I wanted to explain the weeping issue for those who have asked because I had the same problem as the OP. I too have used the same recipe for many years with no problem, a 1/2 margarine and 1/2 shortening...that is, until Crisco changed the recipe.
I always had a firm icing that never separated or leaked oil. I made a dinosaur cake one day with a volcano on it. On the short drive to the delivery, the icing slid down the volcano. I made the kitty pumpkin cake that is in my photos. You can see the oil seeping in this picture. Look at the bottom of the cake where the icing meets the board.
The icing was a dream to work with as usual but on another short car ride, this time with my daughter holding the cake to cushion against any vibration, the icing started to slide down the cake. Not only that but as was previously described, after several hours of sitting, all my cakes had a small pool of clear oil around the base of the cake. I could not figure out what I was doing wrong. I started adding more sugar, cutting back on shortening, making it all shortening (thinking the margarine was the problem). I still had the same problem. I heard about the Crisco recipe change online and realized what was going on.

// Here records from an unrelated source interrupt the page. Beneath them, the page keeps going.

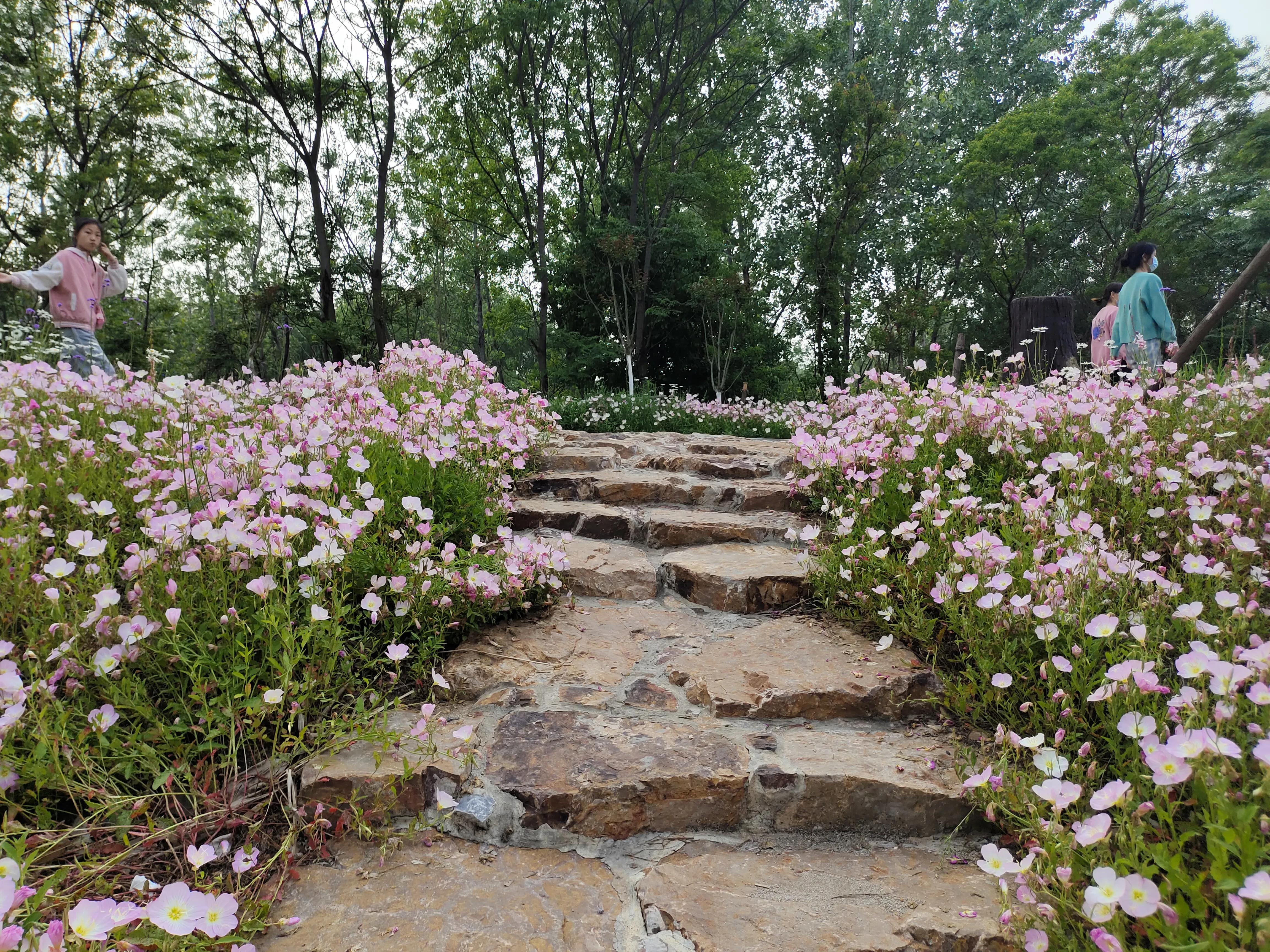 生病了怎么办去哪治疗,生病了怎么办最好的方法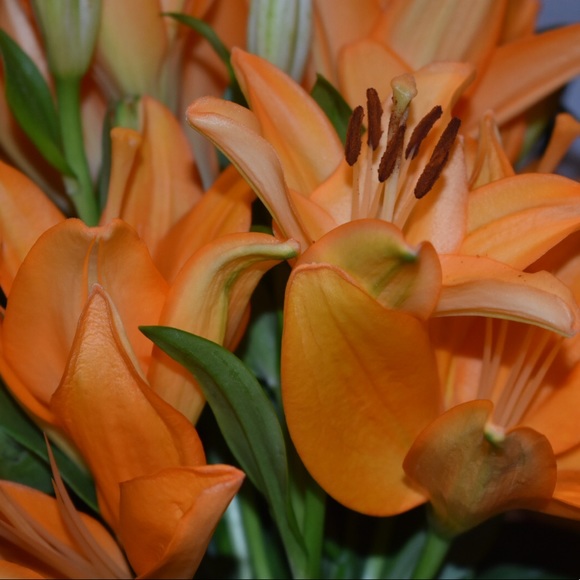 Meet your Posher, Shannon - Picture 1 of 1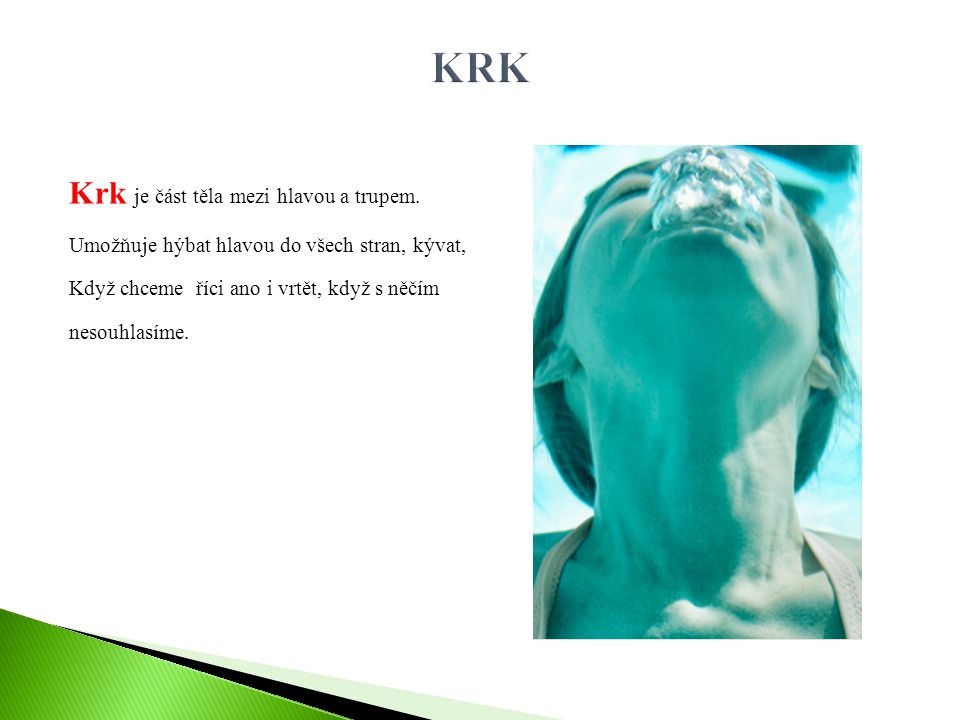 KRK Krk je část těla mezi hlavou a trupem.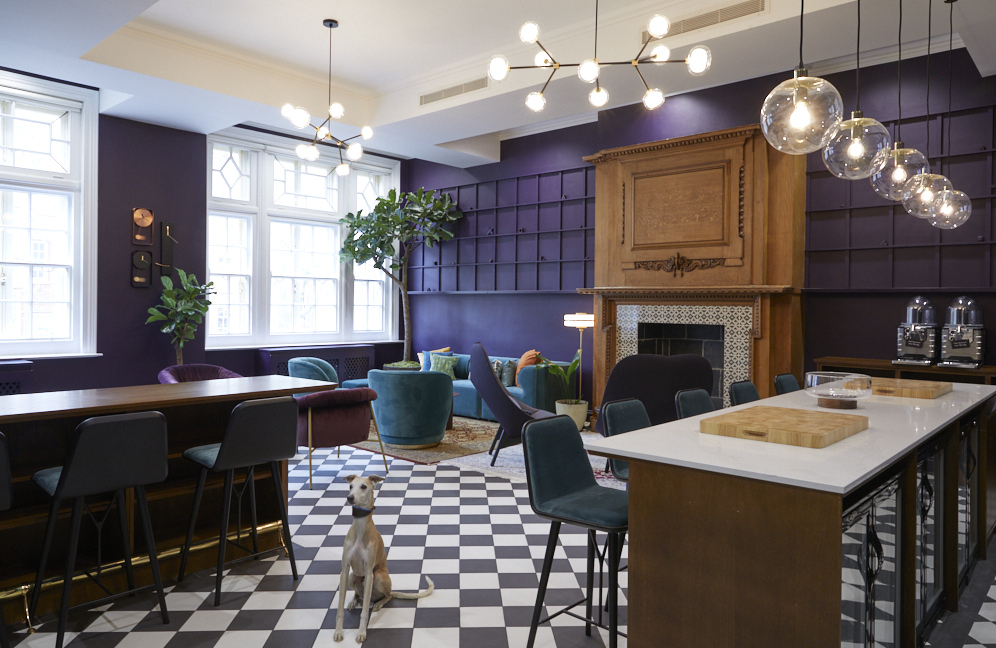 Tracey Barr tweet media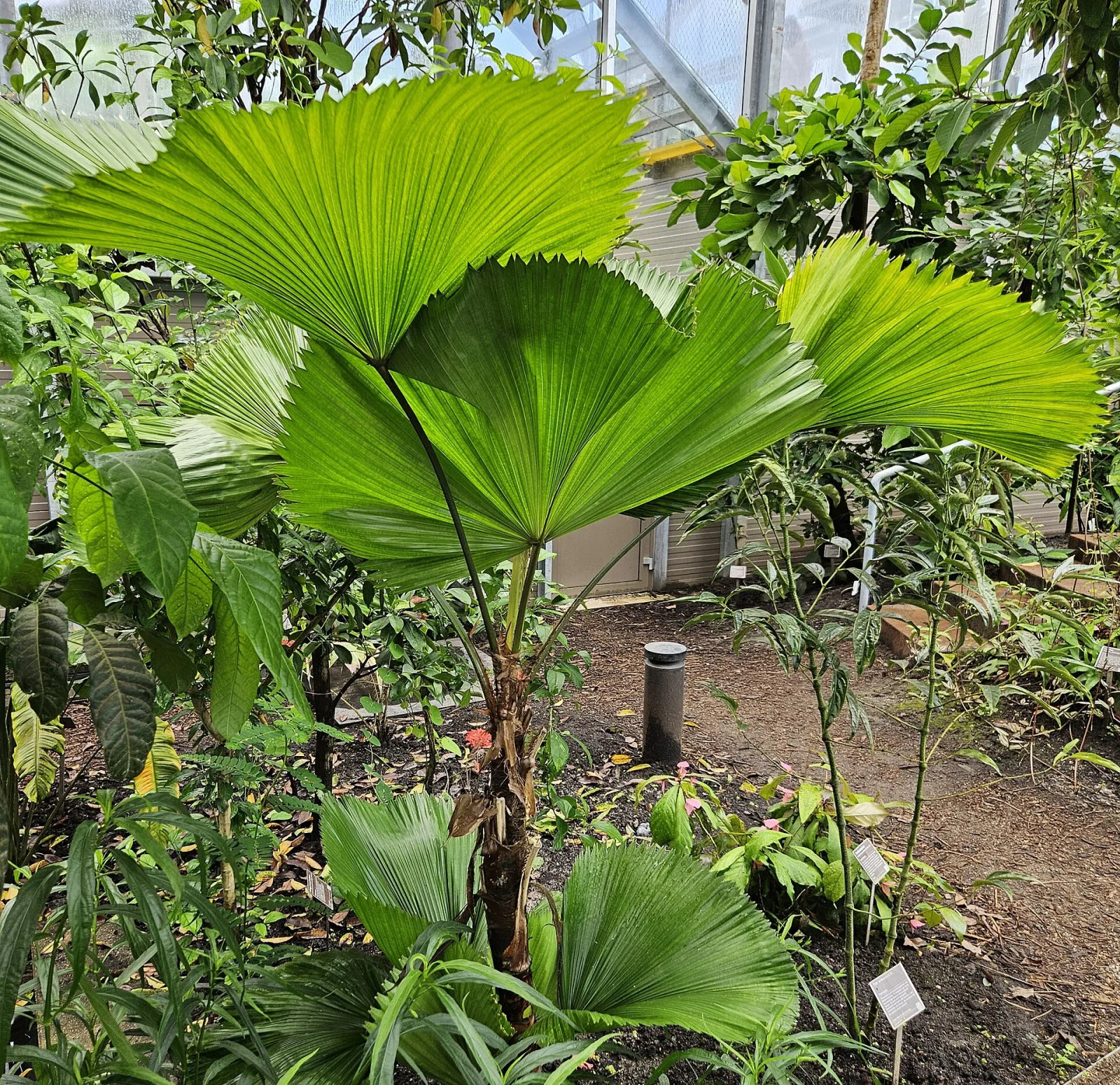 Licuala grandis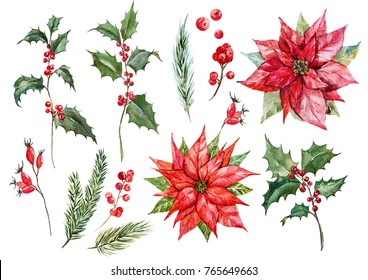 Watercolor set isolated Christmas illustrations, flower poinsettias, Holly, red berries, rose hips, spruce branches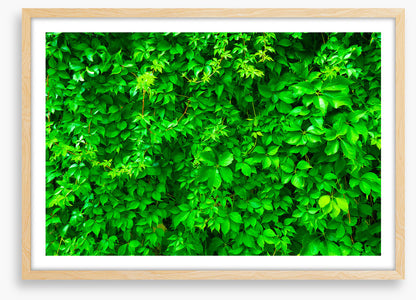 Leaves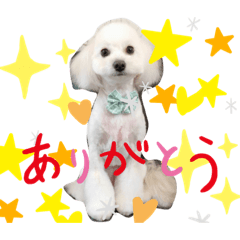 ポメプーのメルちゃん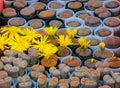 Flowering plant Mesembs (Lithops sp.) South African plant from Namibia Royalty Free Stock Photo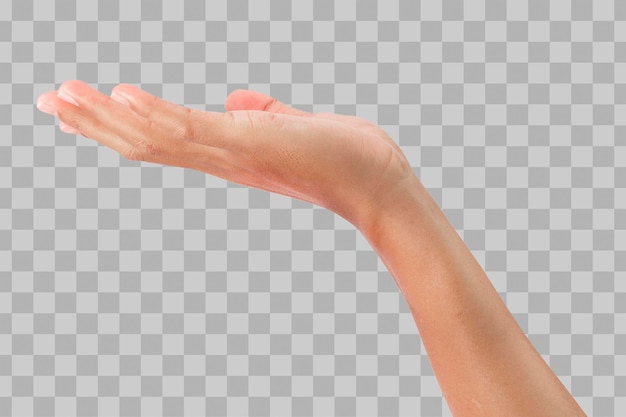 PSD isolated buautiful hand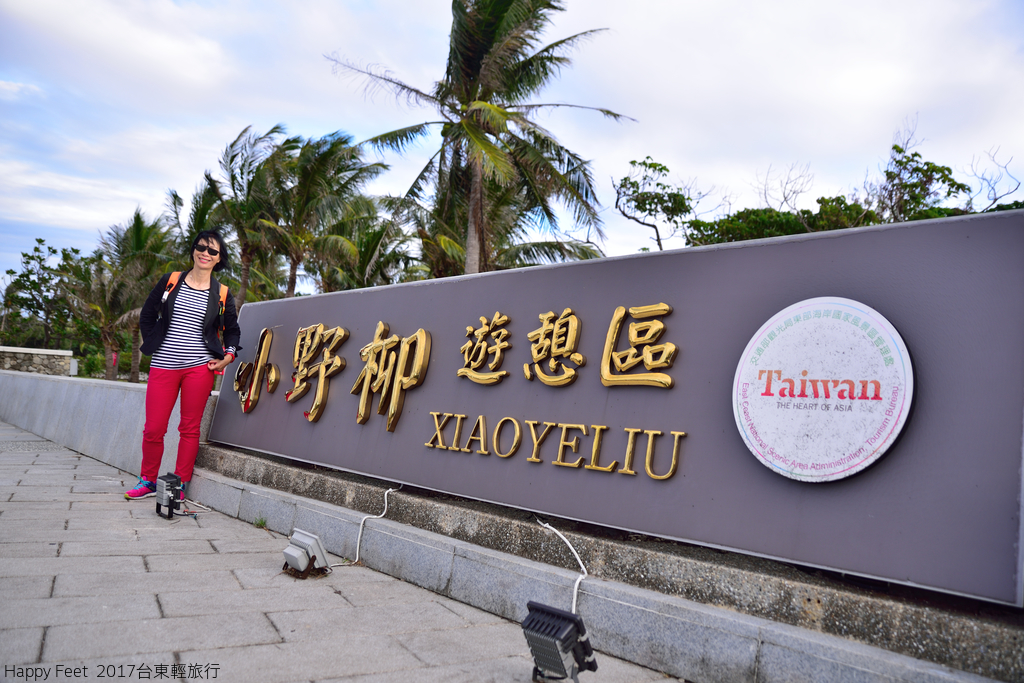 DSC_2655_404.JPG - 2017 台東輕旅行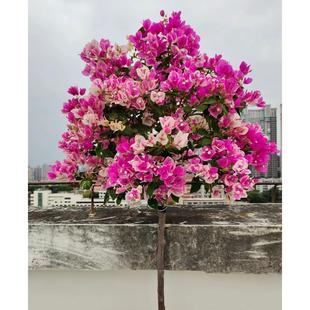开花勤花爬藤植物阳台庭院绿植观赏 漳红樱 三角梅四季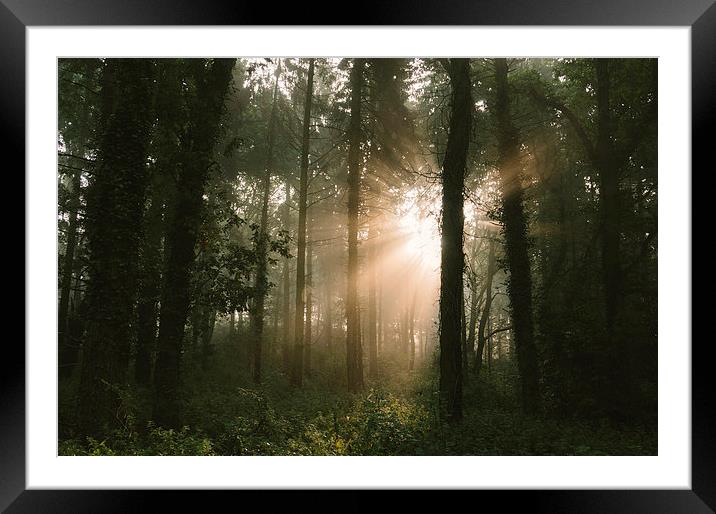 Morning sunrise casting beams of light in dense fo Framed Mounted Print by Liam Grant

After hearing everyone's comments, I believe that the new Crisco does make a difference but so does the recipe. Those who use milk, butter or meringue powder don't seem to have as many issues as those of us who have a recipe that uses water and margarine. Now that I add Dream Whip, my icing is more stable but since I still use Crisco, I still have some issues with oil pooling at the base of the icing. I'm not willing to give up the lightness of Crisco for the hi-ratio shortenings just yet.
Here is another example. I'm using the bigger pictures in my album instead of posting them here so you can see them better. Almost identical cakes. This one is made with the old Crisco. See the dull smooth finish.
Look at this cake with the new Crisco. See the sheen and shininess of the icing. That seems to be the oil leaking out.